1.02.2.1 Point Defects Compared to Defects of Greater Spatial Extent

In crystallography, we learn that the atoms and ions of inorganic materials are, with the exception of glasses, arranged in well-defined planes and rows.3 This is, however, an idealized representation. In real­ity, crystals incorporate many types of imperfections or defects. These can be categorized into three types depending on their dimensional extent in the crystal:

1. Point defects, which include missing atoms (i. e., vacancies), incorrectly positioned atoms (e. g., inter­stitials), and chemically inappropriate atoms (dopants). Point defects may exist as single species or as small clusters consisting of a number of species.

2. Line defects or dislocations, which extend through the crystal in a line or chain. The dislocation line has a central core of atoms, which are located well away from the usual crystallographic sites (in cera­mics, this extends, in cylindrical terms, to a nano­meter or so). Most dislocations are of edge, screw, or mixed type.4

3. Planar defects, which extend in two dimensions and are atomic in only one direction. Many differ­ent types exist, the most common of which is the grain boundary. Other common types include stacking faults, inversion domains, and twins.1,2

The defect types described above are the chemical or simple structural models for the extent of defects. It is critical to bear in mind that all defect types, in all materials, may exert an influence via an elastic strain field that extends well beyond the chemical extent of the defect (i. e., beyond the atoms replaced or removed). This is because the lattice atoms sur­rounding the defect have had their bonds disrupted. Consequently, these atoms will accommodate the existence of the defect by moving slightly from their perfect lattice positions. These movements in the positions of the neighboring atoms are referred to as lattice relaxation.

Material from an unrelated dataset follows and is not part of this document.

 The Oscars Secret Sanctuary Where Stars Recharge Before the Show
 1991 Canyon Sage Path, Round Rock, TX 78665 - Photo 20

As a result of the elastic strain and electrostatic potential (if the defect is not charge-neutral), defects can affect the mechanical properties of the lattice. In addition, defects have a chemical effect, changing the
oxidation/reduction properties. Defects also provide mechanisms that support or impede the movement of ions through the lattice. Finally, defects alter the way in which electrons interact with the lattice, as they can alter the potential energy profile ofthe lattice (whether or not the defect is charged). For example, this may lead to the trapping of electrons. Also, because dopant ions will have a different electronic configuration from that ofthe host atom, defects may donate an electron to a conduction band, resulting in n-type conduction, or a defect may introduce a hole into the electronic struc­ture, resulting in p-type conductivity.